Obstacles to ISIS Expansion

By Dalia Ghanem-Yazbeck

Dr. Dalia Ghanem-Yazbeck is a non-resident scholar at the Carnegie Middle East Center. She is a political scientist with expertise in jihadism, political violence and radicalization with a focus on Algeria.

On September 21, 2014, a group of Algerian jihadists, named Jund El Khilafa (The soldiers of the Caliphate) kidnapped Hervé Gourdel, a 55-year-old French nature guide, in Djurdjura National Park in northern Algeria. Jund El Khilafa’s leader, Khaled Abu-Suleiman, had pledged allegiance to ISIS earlier that month, and three days after Gourdel’s abduction, the group published a video of his decapitation, stating that their act was in retaliation for France’s involvement in the war against ISIS in Iraq. Two months later, in November 2014, ISIS leader Abu Bakr El Baghdadi accepted Jund El Khilafa into his fold and officially announced, through an audio message, the creation of wilayat el Djazair, ISIS’ province in Algeria.

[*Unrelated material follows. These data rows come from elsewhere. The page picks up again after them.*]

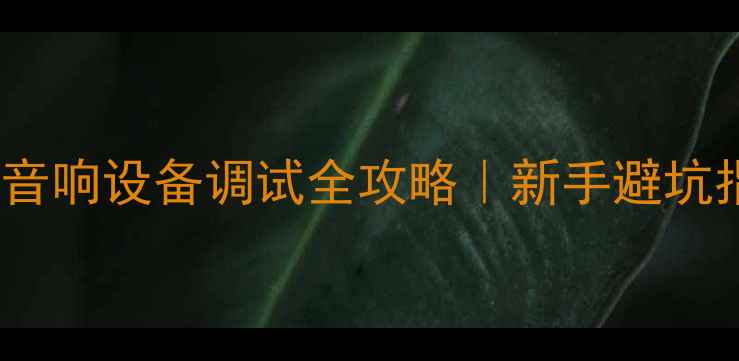 图片 🎤家庭KTV音响设备调试全攻略｜新手避坑指南🔊🎹🎤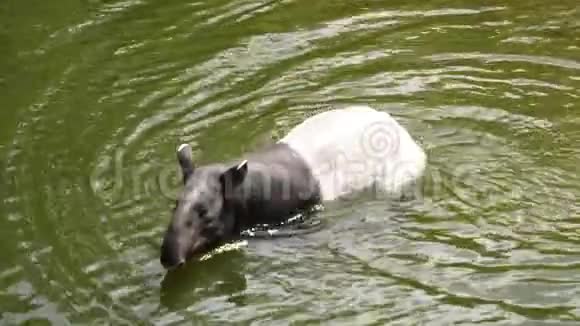 大自然野生动物可爱的马来亚塔皮尔在水里游泳视频的预览图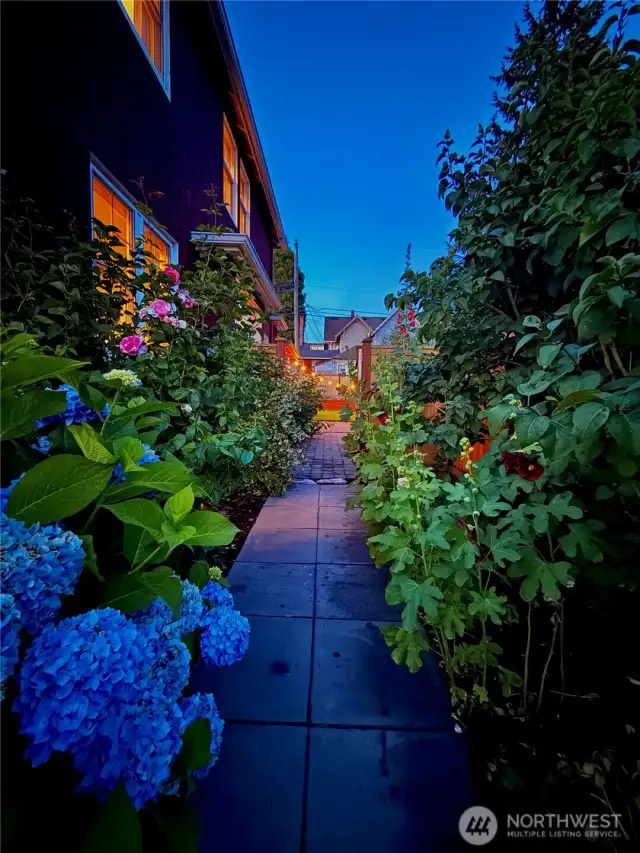 Side Yard at Twilight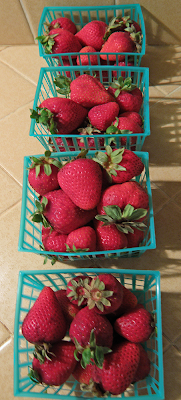 Four baskets of Sorted Strawberries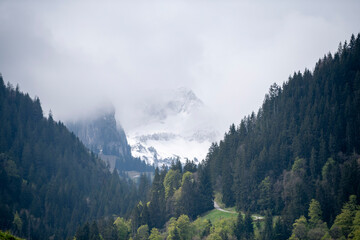 mountains in the morning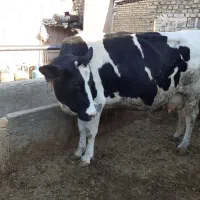 گاو آبستن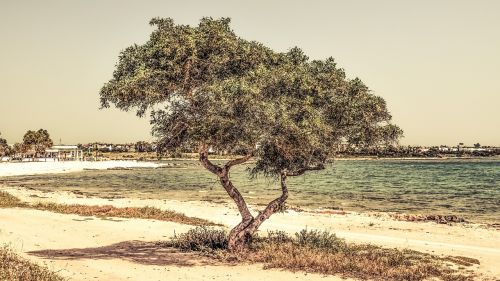 cyprus potamos liopetri tree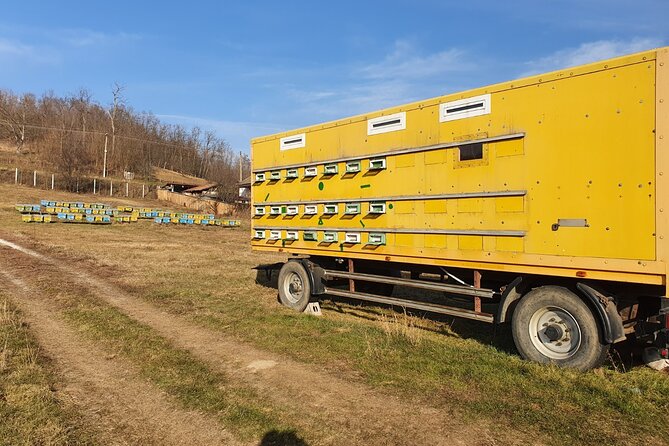 Beekeeping Day Trip| Private Guided Tour from Bucharest - Watching honey harvesting in practice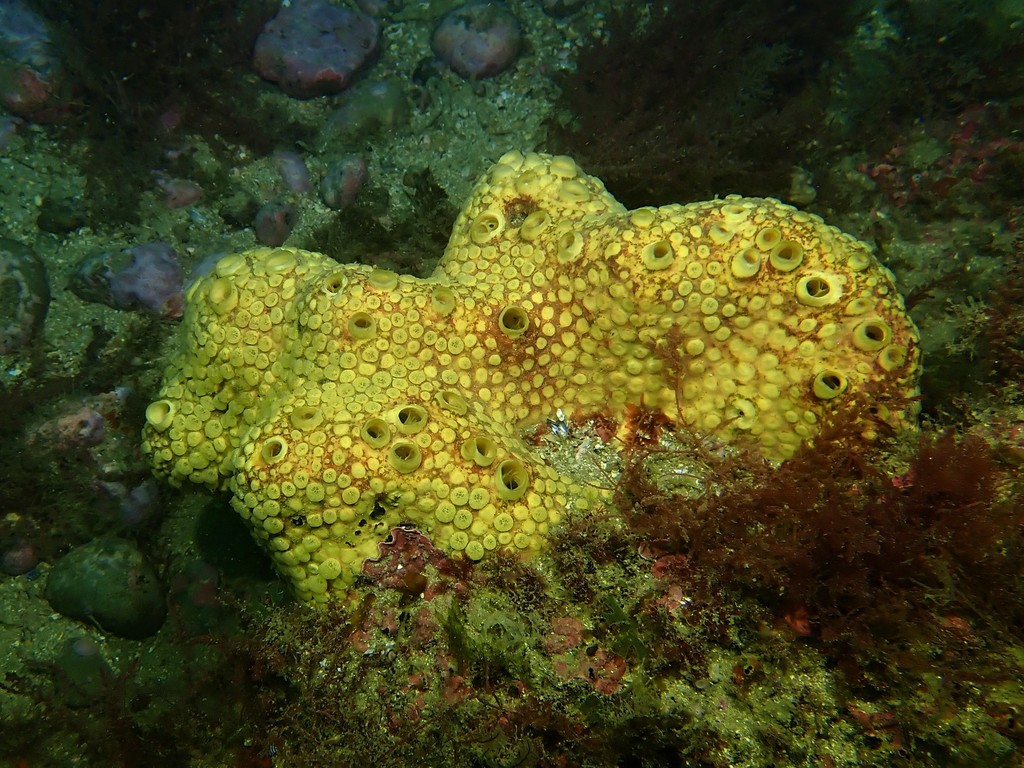 Clione jaune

Faithful to its famous slogan, baqiya wa tatamaded (remaining and expanding), the Islamic State (ISIS) prioritizes expansion to new territories. One of the reasons that ISIS has targeted Algeria is due to the fact that the country has served as an important U.S. and European ally in the fight against terror in North Africa since 9/11. In addition, Algeria has a history of jihadism; hence, the group thought it would be an easy-access and easy-recruitment base.